00:13:35.860 One last best practice is to use statistically significant tests. Elasticsearch has a no-op plugin that returns immediate results, negating elasticsearch work and allowing measurement of client code directly.
00:13:53.680 Thus, any discrepancies in numbers would reflect real differences in code performance. Now, let's dive into the implementation of the Elasticsearch Ruby client benchmarking.
00:14:08.260 The benchmarking code is encapsulated within Rake tasks, allowing execution from the command line. Features include functions for pinging and creating indices among others.
00:14:26.960 These tasks are organized into suites with various provisions for testing, including the ability to execute individual tasks based on parameters.
00:14:43.050 The Jenkins job streamlines the execution of the Rake tasks from the command line. It consists of three parts: uninstalling any Elasticsearch on the machine, executing the Ruby benchmark test, and clearing the Elasticsearch data directory.
00:15:02.030 We ensure that benchmarks start from a clean state every time. The result is a seamless setup, where client code runs on one fixed machine while the Elasticsearch server runs on another, promoting consistent network latency.
00:15:18.690 Lastly, I maintain a dashboard that measures various benchmark runs over time for operations like indexing small and large documents. This acts as a heartbeat for tracking code performance on a commit basis.

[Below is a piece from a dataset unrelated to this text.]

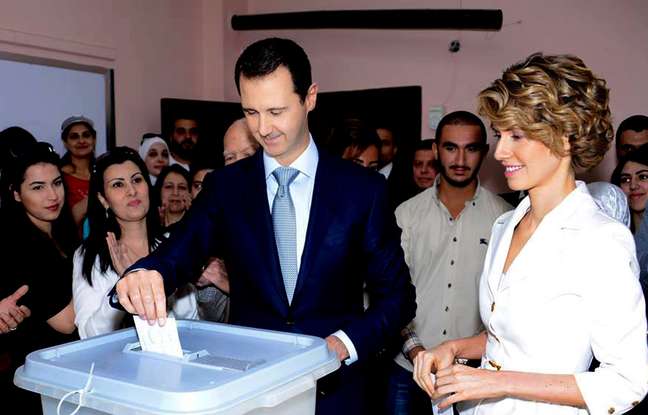 <p>Presidente Assad vota acompanhado da mulher, Asma, no centro de Damasco, em 3 de junho</p>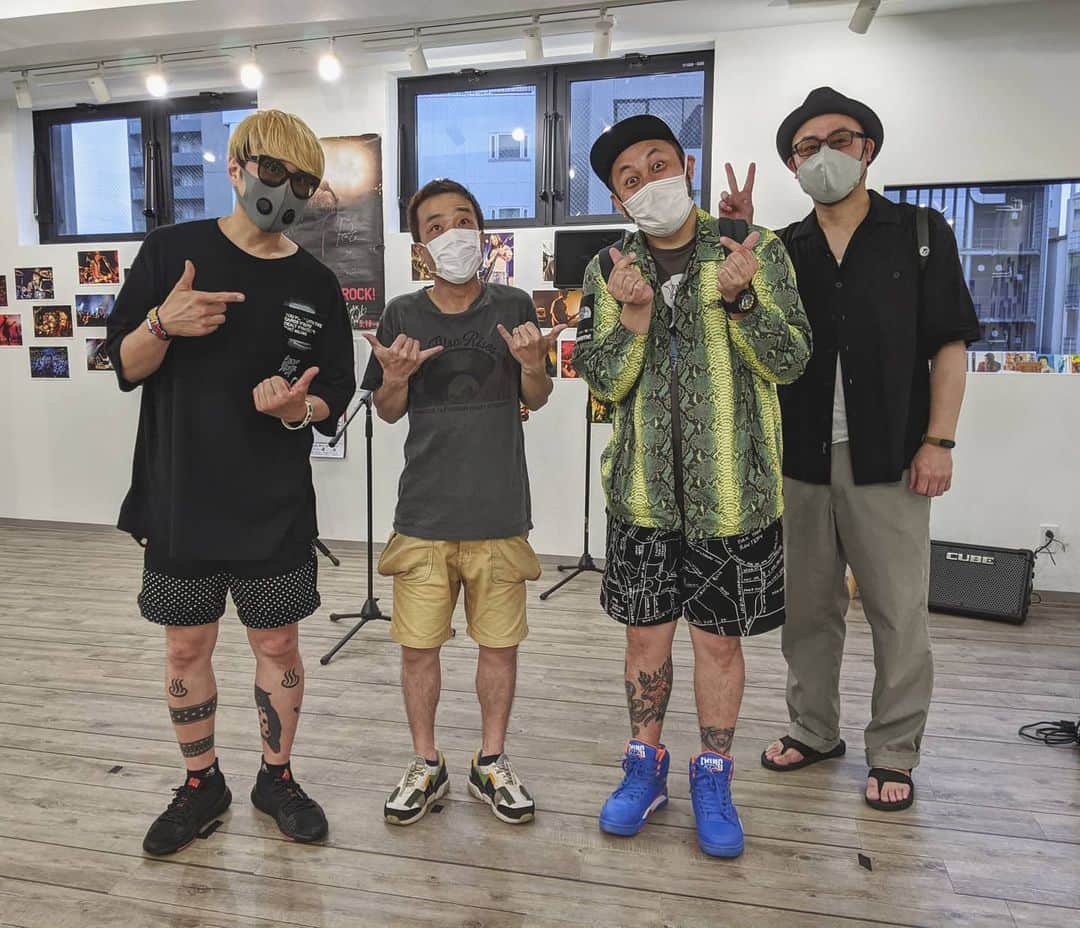 磯部正文のインスタグラム：「ルイに声かけてもらって 展示会場でのシークレット弾き語りライブやらせていただきました🤓 ちょうどカメラマン・テッペイも来てて嬉  久々にお客さんの前で歌えて ほんまにいいなぁと実感  ルイに大感謝 ありがとうございました！」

00:15:35.110 Looking forward, one major goal is for the other clients to implement similar systems. We want to effectively share the setups through Jenkins to facilitate this, making the process less complicated.
00:15:52.780 We aim to establish comparative dashboards showcasing client performance changes, enabling us to pinpoint performance hotspots in various clients and identify inefficiencies.
00:16:08.470 The parallel suite still requires further definition as it's more subjective, hence we need to establish clear benchmarks and realistic workloads through collaboration.
00:16:24.370 Ultimately, we aspire to publish results similar to the Elasticsearch performance team's dashboard, allowing visibility into client performance improvements over time.
00:16:40.340 Thank you very much for your attention. I welcome any questions, and I'll be around for the next day. If you have inquiries related to Elasticsearch or benchmarking, feel free to ask.
00:17:09.160 You had a slide there where you showcased the animal-like definitions of your benchmarks—there were three parts involving warm-ups and iterations.
00:17:31.170 How do you decide the duration for warm-up and measurement times? Warm-up is essentially about preparing the tests, while measuring refers to the actual benchmarking.
00:17:46.800 That's a great question! My choices were based on the duration of operations and the iterations needed for reliable results. It's a balance between completing enough executions to smooth out noise while not overloading the system.
00:18:10.160 As other clients implement this framework, I expect adjustments to these parameters will be necessary.
00:18:24.250 Take note that comparing clients is secondary; the primary advantage is tracking individual code performance over time.
00:18:37.780 Thank you for your questions!